Rodin
"Il n'y a réellement ni beau style, ni beau dessin, ni belle couleur: il n'y a qu'une seule beauté, celle de la vérité qui se révèle." (Rodin)
Je viens de voir le film de Jacques Doillon "Rodin" qui représente le sculpteur au sommet de son art, à 40 ans passés. Je ne veux pas comparer le film avec celui de Bruno Nuytten, admirable, intense, convulsif, dont le personnage central était Camille Claudel, dans le reflet de leur passion révélatrice et destructrice à la fois. Du moins pour elle...
Ici, Rodin habite l'écran et Vincent Lindon habite le personnage. Nous le voyons au travail et en réflexions, les deux en même temps, et presque jamais au repos. Il dit lui-même que l'essentiel du talent réside dans le travail permanent. Sans cesse à la recherche de la vérité de la figure, une vérité au-delà de l'apparence et qu'il faut libérer de la glaise.

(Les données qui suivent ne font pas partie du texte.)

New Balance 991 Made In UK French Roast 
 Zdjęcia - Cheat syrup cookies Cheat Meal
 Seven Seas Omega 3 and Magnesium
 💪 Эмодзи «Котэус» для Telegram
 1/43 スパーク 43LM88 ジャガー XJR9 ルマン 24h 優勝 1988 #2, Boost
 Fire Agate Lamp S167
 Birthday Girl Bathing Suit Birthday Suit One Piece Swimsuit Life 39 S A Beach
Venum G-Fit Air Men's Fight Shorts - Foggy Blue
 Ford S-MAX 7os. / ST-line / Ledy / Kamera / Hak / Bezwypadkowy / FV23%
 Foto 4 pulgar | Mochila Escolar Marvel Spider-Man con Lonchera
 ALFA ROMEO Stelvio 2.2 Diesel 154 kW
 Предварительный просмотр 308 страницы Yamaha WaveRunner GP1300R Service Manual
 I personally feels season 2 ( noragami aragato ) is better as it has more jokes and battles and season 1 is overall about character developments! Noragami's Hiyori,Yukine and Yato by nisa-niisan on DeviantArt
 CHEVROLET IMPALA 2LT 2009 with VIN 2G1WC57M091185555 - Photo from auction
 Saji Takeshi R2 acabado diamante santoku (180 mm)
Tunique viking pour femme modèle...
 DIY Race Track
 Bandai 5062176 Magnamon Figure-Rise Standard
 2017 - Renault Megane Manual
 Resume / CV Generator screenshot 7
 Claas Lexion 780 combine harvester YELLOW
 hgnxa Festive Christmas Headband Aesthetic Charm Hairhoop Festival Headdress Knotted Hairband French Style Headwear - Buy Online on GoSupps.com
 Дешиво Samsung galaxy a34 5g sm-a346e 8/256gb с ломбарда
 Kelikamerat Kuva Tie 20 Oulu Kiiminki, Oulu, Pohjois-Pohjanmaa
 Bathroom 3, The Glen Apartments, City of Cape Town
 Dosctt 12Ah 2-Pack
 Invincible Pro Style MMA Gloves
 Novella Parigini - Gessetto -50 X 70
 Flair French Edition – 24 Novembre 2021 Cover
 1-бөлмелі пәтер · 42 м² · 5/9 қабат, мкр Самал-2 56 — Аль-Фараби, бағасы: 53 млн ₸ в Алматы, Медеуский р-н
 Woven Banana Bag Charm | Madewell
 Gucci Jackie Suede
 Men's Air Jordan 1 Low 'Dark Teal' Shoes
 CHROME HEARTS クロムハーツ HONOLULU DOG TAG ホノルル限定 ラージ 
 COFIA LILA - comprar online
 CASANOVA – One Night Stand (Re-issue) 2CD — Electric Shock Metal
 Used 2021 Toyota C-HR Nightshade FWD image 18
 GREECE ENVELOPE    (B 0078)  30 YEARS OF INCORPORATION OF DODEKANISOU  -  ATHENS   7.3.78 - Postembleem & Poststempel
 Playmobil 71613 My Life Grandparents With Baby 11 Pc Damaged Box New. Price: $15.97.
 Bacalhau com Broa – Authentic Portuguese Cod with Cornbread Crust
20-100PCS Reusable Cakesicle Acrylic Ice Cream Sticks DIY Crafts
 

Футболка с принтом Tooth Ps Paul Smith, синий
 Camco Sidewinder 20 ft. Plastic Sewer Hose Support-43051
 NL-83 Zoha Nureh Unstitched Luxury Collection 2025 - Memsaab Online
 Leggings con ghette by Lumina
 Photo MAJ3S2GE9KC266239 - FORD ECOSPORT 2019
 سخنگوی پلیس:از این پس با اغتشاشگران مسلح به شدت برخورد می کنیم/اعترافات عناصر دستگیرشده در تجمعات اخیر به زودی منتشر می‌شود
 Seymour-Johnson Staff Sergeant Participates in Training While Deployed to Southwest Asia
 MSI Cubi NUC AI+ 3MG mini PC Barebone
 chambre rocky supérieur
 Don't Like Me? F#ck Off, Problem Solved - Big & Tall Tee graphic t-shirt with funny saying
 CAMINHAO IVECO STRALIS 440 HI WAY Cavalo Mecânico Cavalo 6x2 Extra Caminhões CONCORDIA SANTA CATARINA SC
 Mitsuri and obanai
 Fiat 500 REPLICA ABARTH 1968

Il malaxait la matière, il malaxait ses modèles aussi, pour en obtenir cette vérité-là, ces émotions qui faisaient vivre les muscles et les chairs, et, par leur intermédiaire, les transmettre au spectateur. En modelant, en dessinant, son regard pénétrant ne devait jamais quitter le modèle, ses mains étaient le prolongement de ce regard.
Je me souviens de ma première rencontre avec sa sculpture "en vrai", un face-à-face soudain avec ses "Bourgeois de Calais", sur la place de l'hôtel de ville de Calais, balayée par tous les vents... Un choc émotionnel immense: je me sentais minuscule devant ce groupe d'hommes si vivants! Le socle n'est pas très haut et du coup, il y a une proximité saisissante pour nous transmettre leur vérité si humaine devant le sacrifice. J'avais du mal à les quitter...
Pour moi, son Balzac est peut-être le sommet de son art. Il fait exploser la sculpture académique et ses règles lisses, dépourvues de l'émotion convulsive de la vérité.